La CNCTR ne donne qu’un avis con­sul­tatif. Le Pre­mier min­istre peut out­repass­er ses recom­man­da­tions. Néan­moins, la com­mis­sion, sorte de CNIL du ren­seigne­ment, peut saisir, en dernier recours, le Con­seil d’Etat.

Le ren­seigne­ment : une nou­velle poli­tique publique. Peuvent désor­mais jus­ti­fi­er une sur­veil­lance “l’indépen­dance nationale”, “l’in­tégrité du ter­ri­toire, “la défense nationale”, “la préven­tion du ter­ror­isme”, ou encore “la crim­i­nal­ité et la délin­quance organ­isées”.

Des “boîtes noires” seront instal­lées chez les opéra­teurs. Ces logi­ciels classés secret défense, auront accès aux méta­don­nées de chaque inter­naute. Pages con­sultées, heure et durée de con­nex­ion pour­ront être passées au crible par les ser­vices de renseignement.

Le pro­jet de loi prévoit que les inter­mé­di­aires tech­niques (plate­forme, hébergeur…) « détectent, par un traite­ment automa­tique, une suc­ces­sion sus­pecte de don­nées de con­nex­ion » (par exem­ple des con­nex­ions à des pages web), en fonc­tion d’instructions trans­mis­es par les enquê­teurs. L’anonymat doit être préservé, sauf en cas de men­ace ter­ror­iste avérée.

Un recours pour les citoyens. Toute per­son­ne qui soupçonne une sur­veil­lance con­tre elle pour­ra saisir cette com­mis­sion, et, en sec­ond recours, une for­ma­tion spé­cial­isée du Con­seil d’E­tat. Il devra démon­tr­er un “intérêt à agir”, même s’il sem­ble dif­fi­cile pour un citoyen de se pencher sur des activ­ités secrètes.

Les principales critiques

Le texte sus­cite de nom­breuses cri­tiques de la part d’associations et des par­tis poli­tiques. Europe Ecolo­gie-Les Verts a dénon­cé un pro­jet de loi “dan­gereux pour la démoc­ra­tie et la citoyen­neté”. Le défenseur des droits, Jacques Toubon, s’inquiète de pos­si­bles abus dans la mise en œuvre d’une loi dont le champs d’application est “trop large”. 
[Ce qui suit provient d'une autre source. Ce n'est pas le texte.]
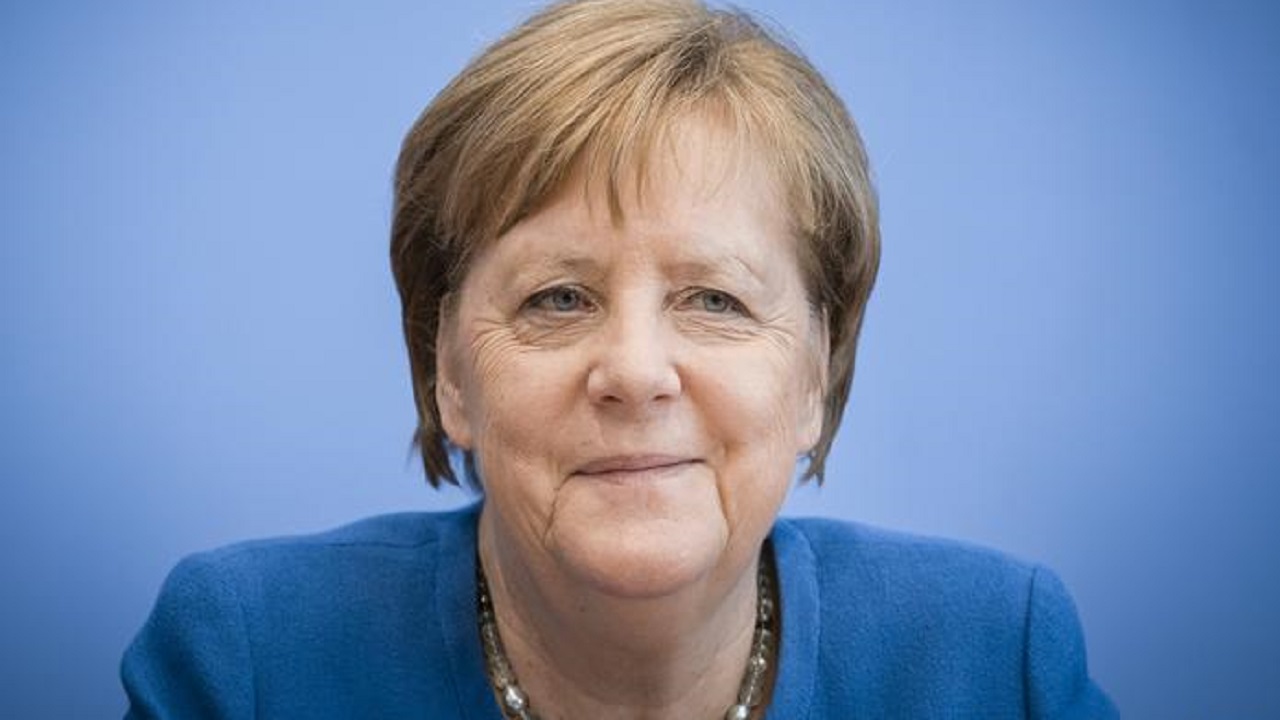 «ميركل» تنهي فترة الحجر الصحي
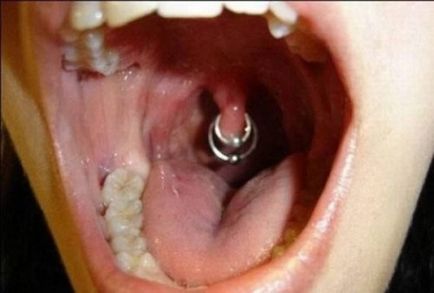 10 cele mai extreme piercing orale și modificări ale corpului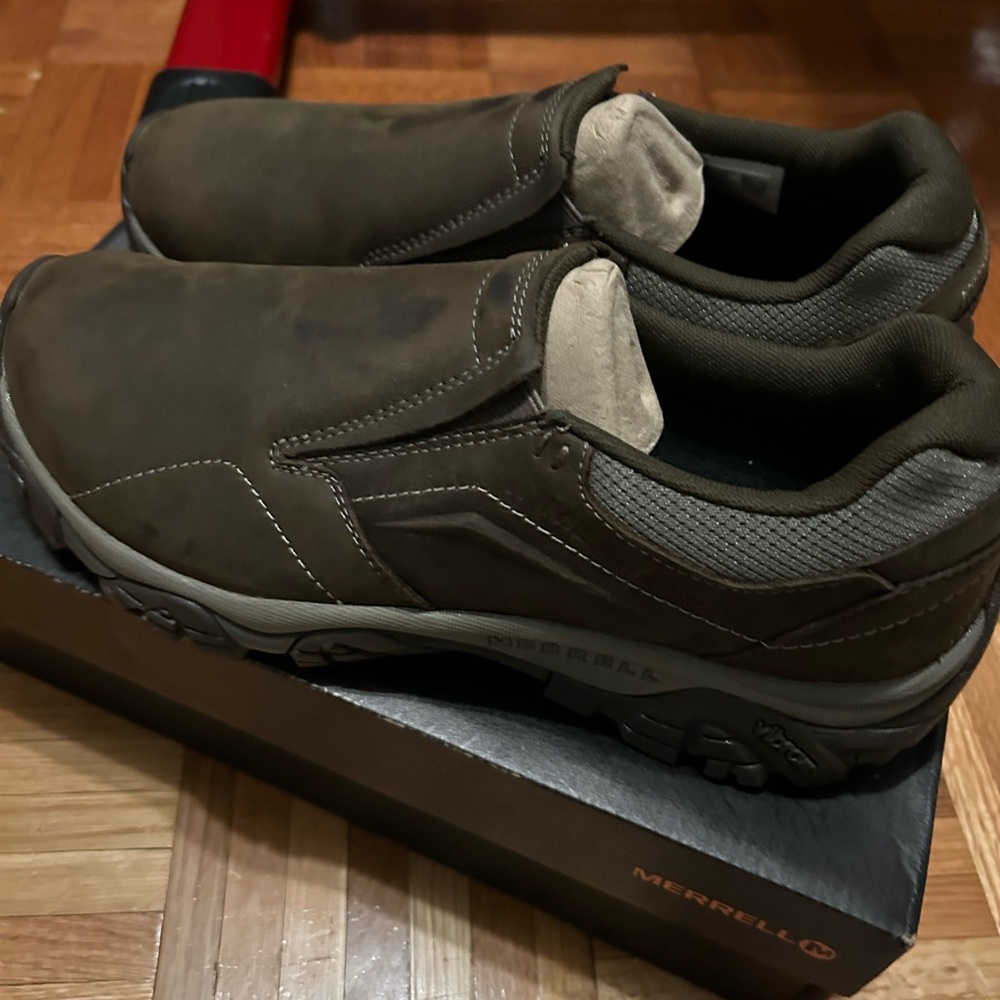 Men’s Merrell MOAB Adventure Moc Boulder Shoes size 10.5, slip on NEW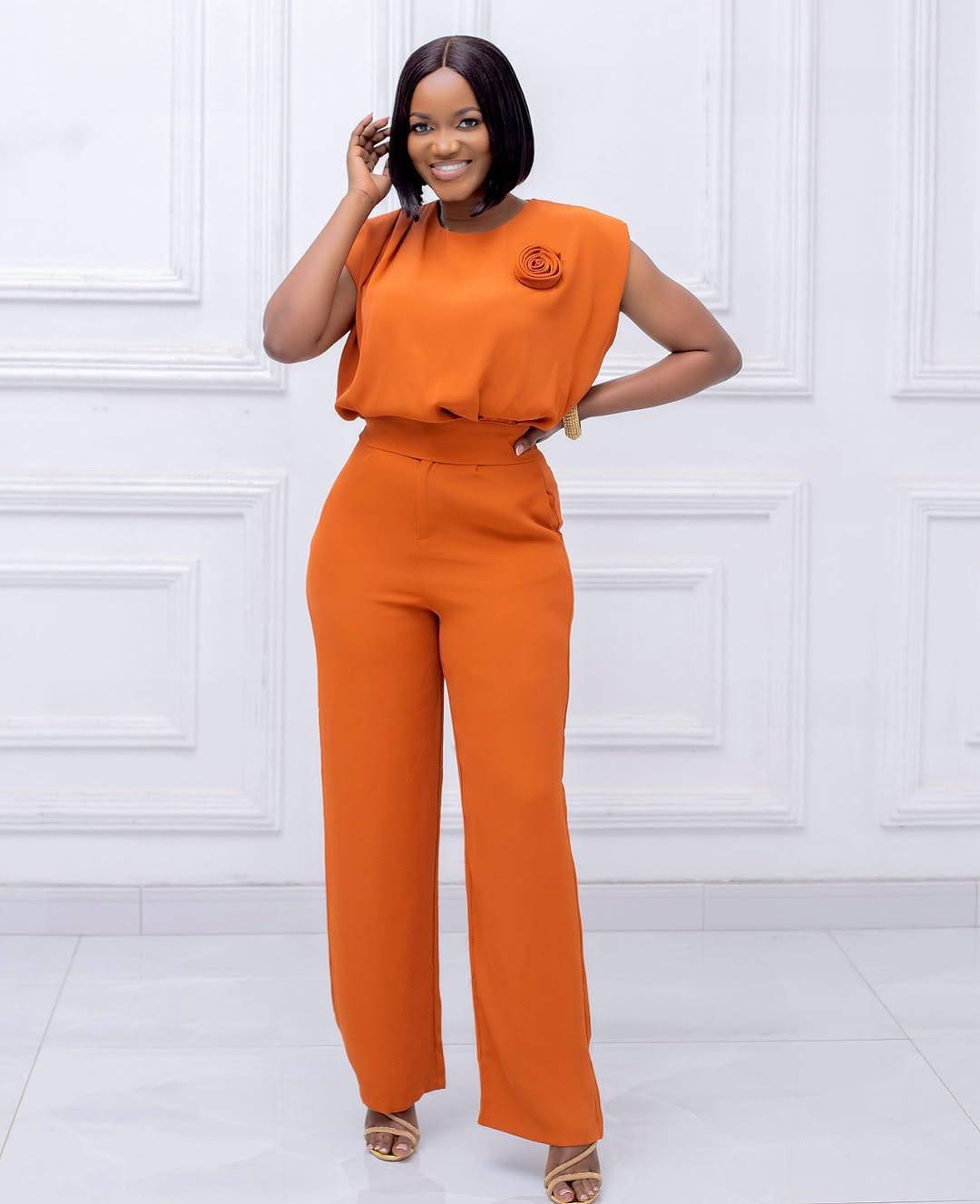 Damen eleganter All-in-One-Jumpsuit mit floralem Detail Echo Archiv
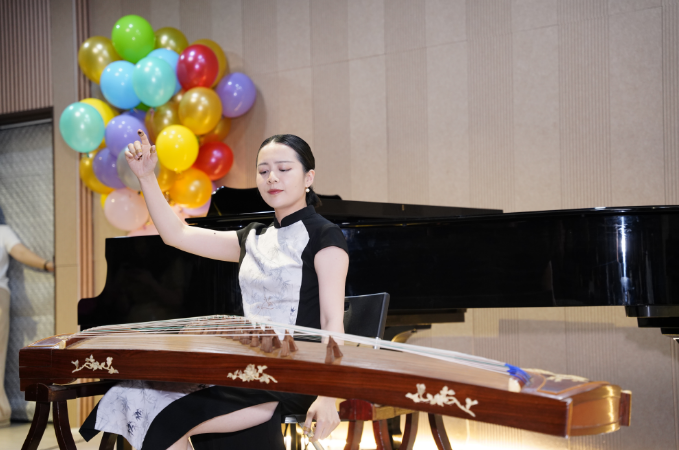 新留服之夜——“南洋风・湖湘情・教育梦”中新两国师生共庆中新建交35周年文艺联欢晚会圆满举办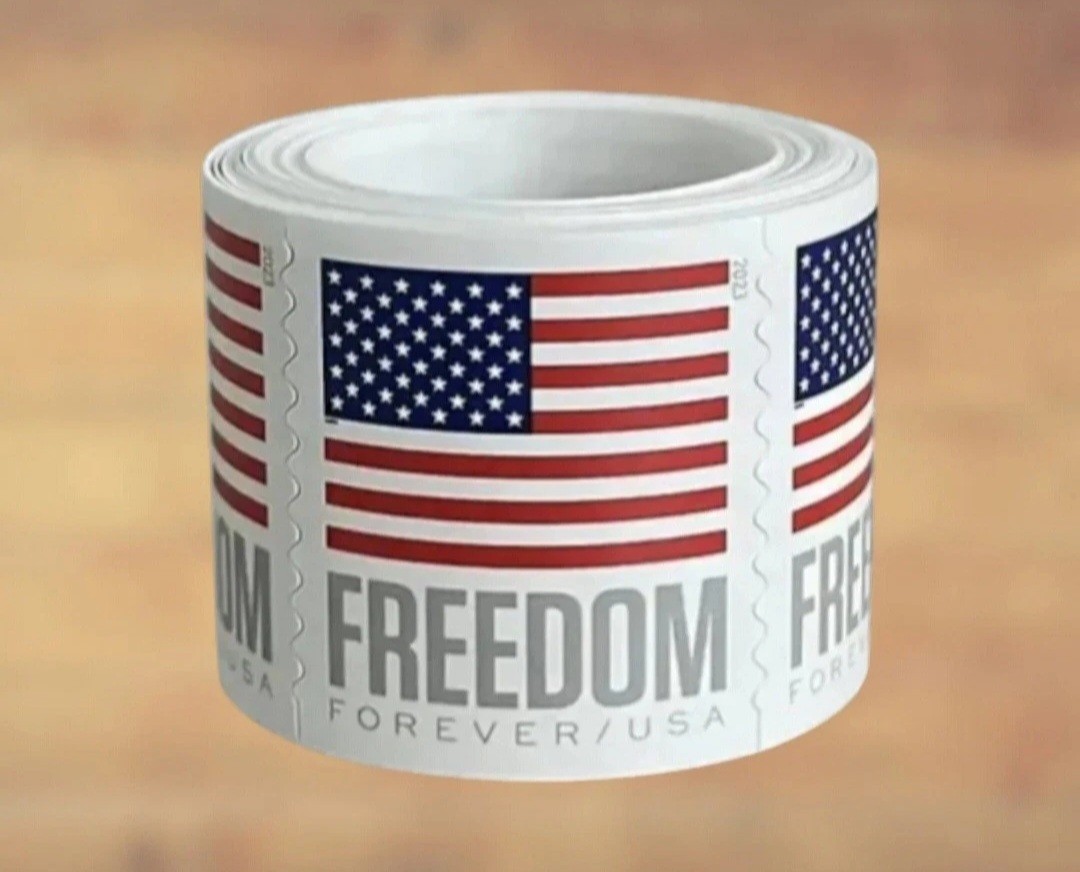 1 Roll Of 100 US Postage Stamps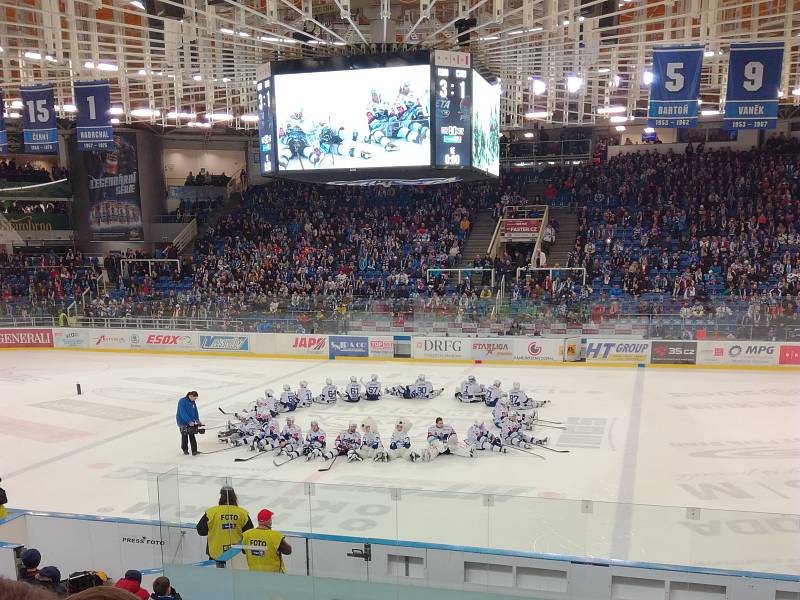 Úkol splněn. Hokejisté brněnské Komety v 51. kole extraligy doma přehráli 3:1 Chomutov. 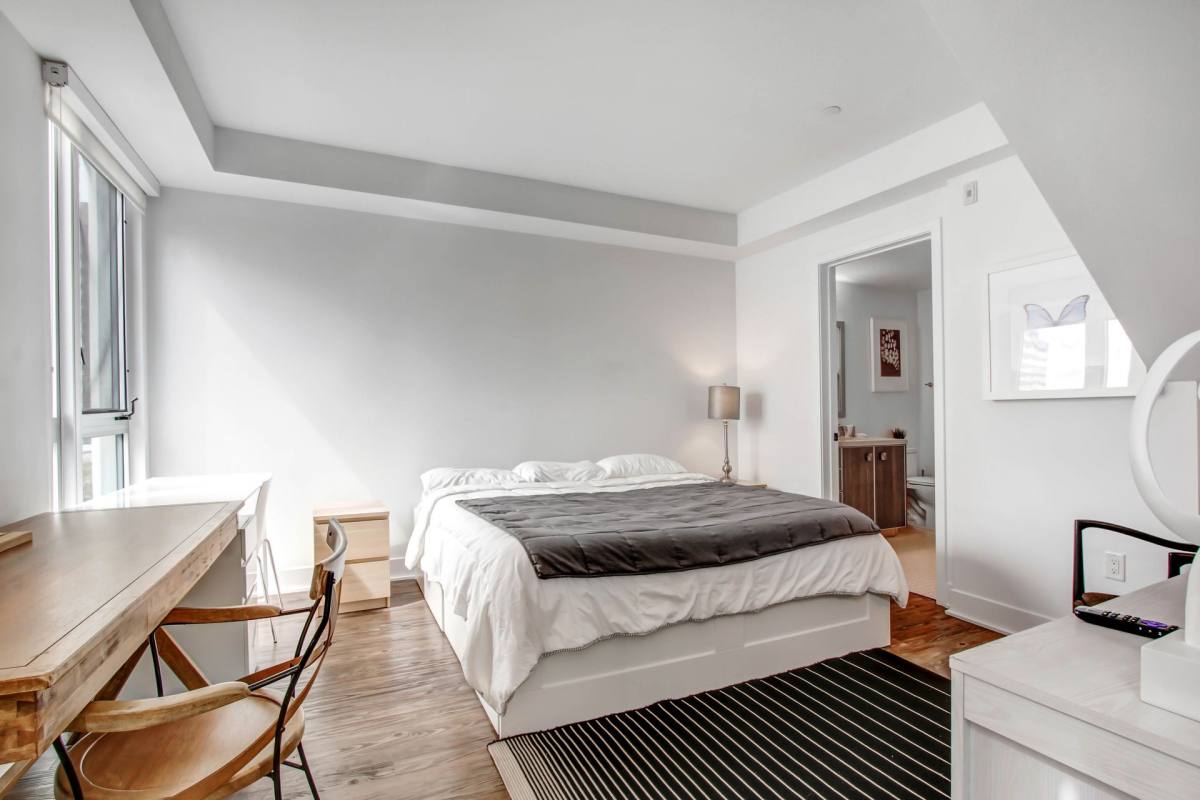 Apartment for rent at 1168 S Barrington Ave, Los Angeles, CA 90049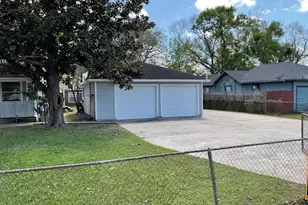 201 Smith St, Clute, TX 77531 - Photo 22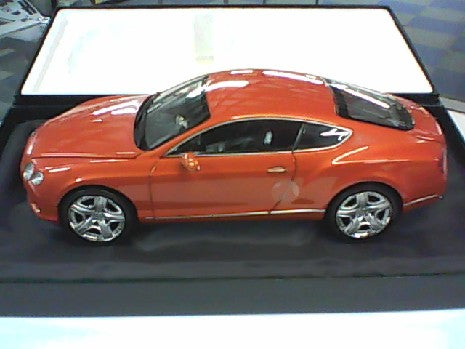 BENTEY CONTINENTEL GT 2011 ORANGE METALLIQUE 1/18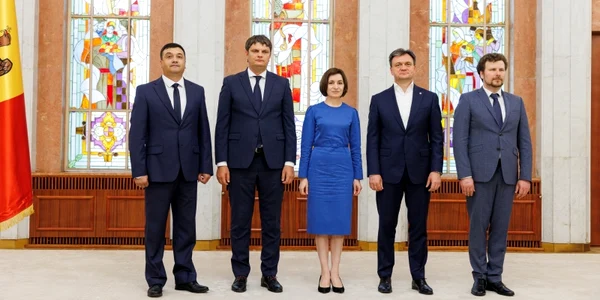 Investire ministri noi FOTO  Presedinte md jpeg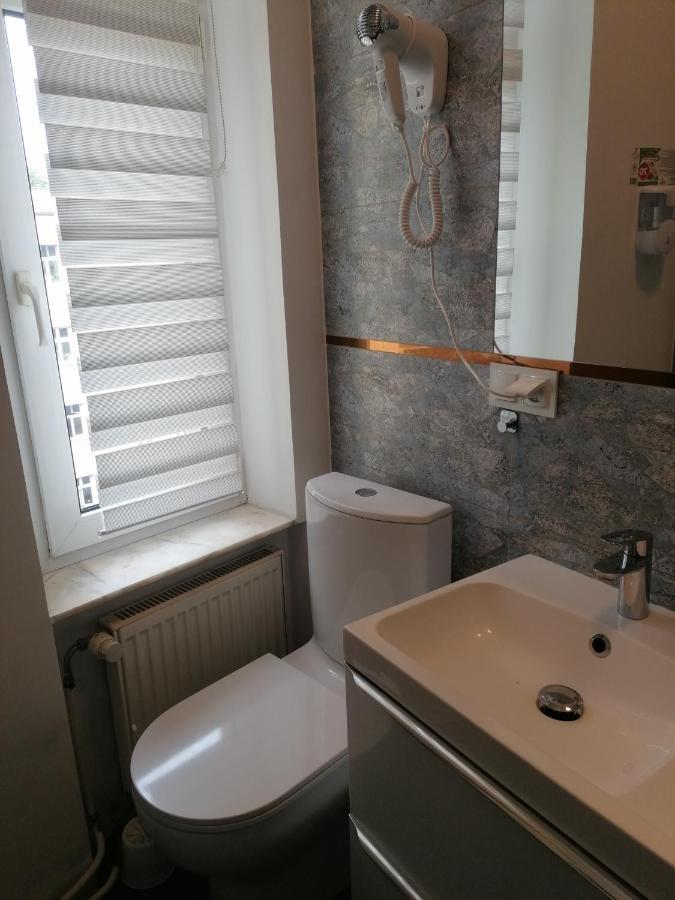 Hostel Tulip - Pokoj 5 Ze Wspolna Lazienka I Kuchnia Stettino Esterno foto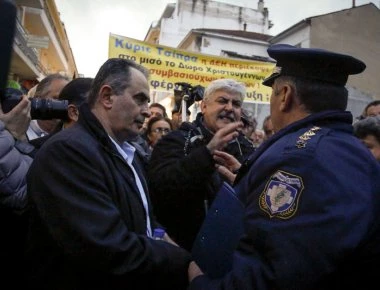 Διαμαρτυρία πολιτών λίγο πριν την ομιλία του Αλ. Τσίπρα στην Τρίπολη (φωτό)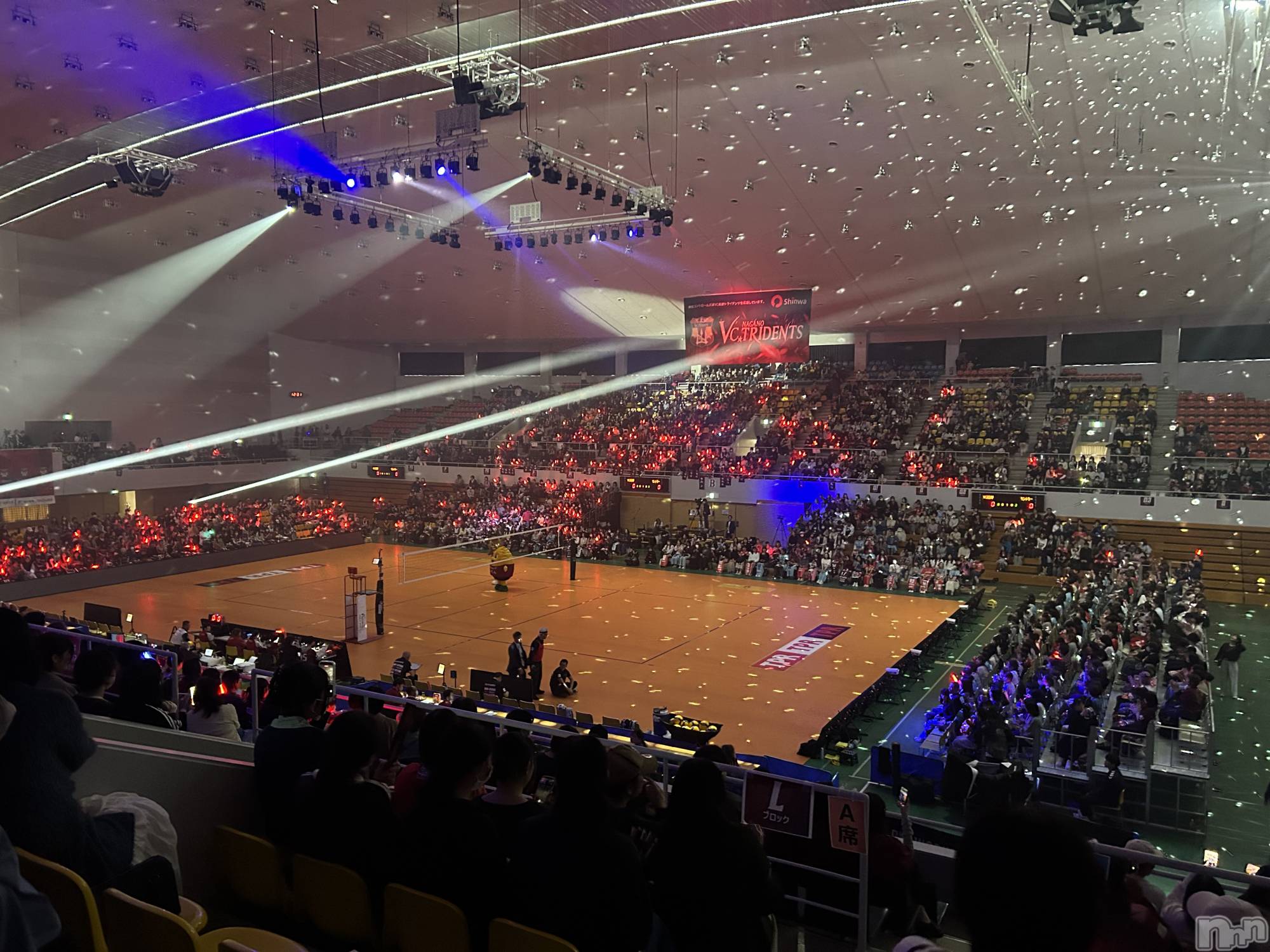 ��Ʋ����Х��顦�����Lounge Veranda(�饦�󥸥٥���) ��2026ǯ4��13���̥�֥����ֽжС�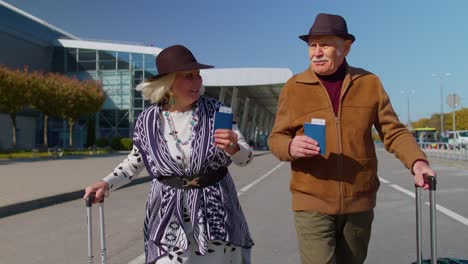 Ehemann,-Ehefrau,-Rentner,-Touristen-Gehen-Zum-Flughafenterminal,-Um-Mit-Gepäck,-Tickets-Und-Pässen-Einzusteigen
La sur­veil­lance des infra­struc­tures, par le biais des boîtes noires est par­ti­c­ulière­ment dénon­cée par les hébergeurs Inter­net. Cinq hébergeurs de don­nées infor­ma­tiques français dont les deux prin­ci­paux OVH et Gan­di ont, dans un com­mu­niqué, men­acé de délo­calis­er leurs activ­ités pour ne pas per­dre leur clien­tèle. Les sociétés protes­tent con­tre la cap­ta­tion en temps réel des don­nées de con­nex­ion  et leur analyse par les ser­vices de renseignement.

Pour ras­sur­er sur ses inten­tions, Bernard Cazeneuve a dévoilé, mer­cre­di 22 avril, la créa­tion d’une plate­forme de “bonnes pra­tiques” élaborée avec les géants du web, comme Face­book, Google, Twit­ter, Apple ou encore Microsoft. La plate­forme prévoit la créa­tion d’un label per­me­t­tant le retrait rapi­de des con­tenus illicites, le ren­force­ment de la for­ma­tion des­tinée aux policiers et aux gen­darmes et la créa­tion d’un groupe de con­tact met­tant en rela­tion le min­istère de l’intérieur et les opéra­teurs Inter­net. Des mesures qui devraient per­me­t­tre de clar­i­fi­er et d’harmoniser le cadre de la lutte con­tre le cyber-terrorisme.